When I Can't Read Prose Anymore

It's usually easy to pick out the student in a writing class who will most likely not turn in anything very interesting, at least not this semester. He or she might at first appear to be one of the brightest and most ambitious students in a class; but as soon as you ask her for a list of her favorite books, and she replies, "I don't read, I don't want to be influenced, I want to be original," you know what you've got. It's not the arrogance that's most distressing--she has nothing to learn from those who have come before her--but the lack of passion. A writer who has never fallen hopelessly in love with a piece of writing--whether it was "The Death of the Moth" or Harry Potter--and felt a blazing desire to create that effect for someone else likely will not be able to do it. Ambition is very important, but it comes in second to love.

However!
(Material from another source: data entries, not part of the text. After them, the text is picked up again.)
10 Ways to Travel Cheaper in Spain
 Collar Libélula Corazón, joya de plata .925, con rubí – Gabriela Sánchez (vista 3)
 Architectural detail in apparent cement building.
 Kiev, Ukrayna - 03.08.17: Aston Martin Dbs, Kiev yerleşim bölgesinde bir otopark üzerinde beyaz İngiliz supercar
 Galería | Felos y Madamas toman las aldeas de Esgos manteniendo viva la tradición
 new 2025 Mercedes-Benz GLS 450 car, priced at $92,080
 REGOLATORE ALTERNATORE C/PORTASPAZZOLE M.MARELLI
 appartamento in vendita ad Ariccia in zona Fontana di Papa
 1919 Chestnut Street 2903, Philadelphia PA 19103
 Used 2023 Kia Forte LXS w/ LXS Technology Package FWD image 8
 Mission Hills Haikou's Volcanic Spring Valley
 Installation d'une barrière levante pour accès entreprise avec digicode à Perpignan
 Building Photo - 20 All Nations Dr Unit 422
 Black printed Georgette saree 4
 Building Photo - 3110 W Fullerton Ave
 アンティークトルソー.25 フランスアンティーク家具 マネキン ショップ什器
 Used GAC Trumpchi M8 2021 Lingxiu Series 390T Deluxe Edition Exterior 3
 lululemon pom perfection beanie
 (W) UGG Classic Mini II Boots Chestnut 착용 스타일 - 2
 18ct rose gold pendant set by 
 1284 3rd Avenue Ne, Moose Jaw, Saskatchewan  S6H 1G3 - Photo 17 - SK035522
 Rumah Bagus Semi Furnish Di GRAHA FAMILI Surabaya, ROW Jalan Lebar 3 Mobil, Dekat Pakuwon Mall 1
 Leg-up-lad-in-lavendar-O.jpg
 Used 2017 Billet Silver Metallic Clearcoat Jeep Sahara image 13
I think of this observation whenever I come to the inevitable stage, while working on a manuscript, when I can't read prose anymore, except with great pain. Before I start a draft, I generally read obsessively in preparation, and often over the course of the process I go to other books for help. In the morning I might read a couple of pages of Katherine Anne Porter or Andre Aciman before I start, just to get some good prose in my head; sometimes I'll stop and say to myself, "I simply won't know how to fix this problem until I've read Dracula again ... " But at some point every piece of fiction or even nonfiction I pick up, especially something with a very strong style--Faulkner, Cormac McCarthy, writers I love--bothers me so much that I have to put it away. I think what's happening is that I have found, or am very close to finding, the exact voice and style that I want for this particular piece; it's humming in my ear and I have to listen very carefully for it. Any other sound, especially a loud one, is too distracting and makes it difficult to hear.

I think it's important to follow these kinds of instincts. And so when I come to this point, I put the prose away. I've found, though, that what I can still read is poetry, and often it's just what I need. The form is just different enough that it doesn't whisper, hatefully and temptingly, into my ear, "Here I am, an alternate voice and style, the one you probably should have used--what were you thinking, not making your story sound exactly like Lolita or The Bear?" I will not feel tempted to write the novel in syllabics. But the precise, musical language of the kind of poems I like best, and the breathtaking, ballsy way a great poet has of diving straight down to the ancient, mythic heart of the matter, keeps my ear listening for the finest, most apt language I can find, and, more importantly, reminds me why I'm doing what I am.

I'm in such a stage right now, and here are some of the poetry collections I'm reading. I highly recommend them: Alan Dugan's Poems 4; Melissa Range's Horse and Rider; John Murillo's Up Jump the Boogie; Sue Owen's My Doomsday Sampler; Sylvia Plath's Ariel; Wang Ping's Of Flesh & Spirit; W.B. Yeats' The Rose.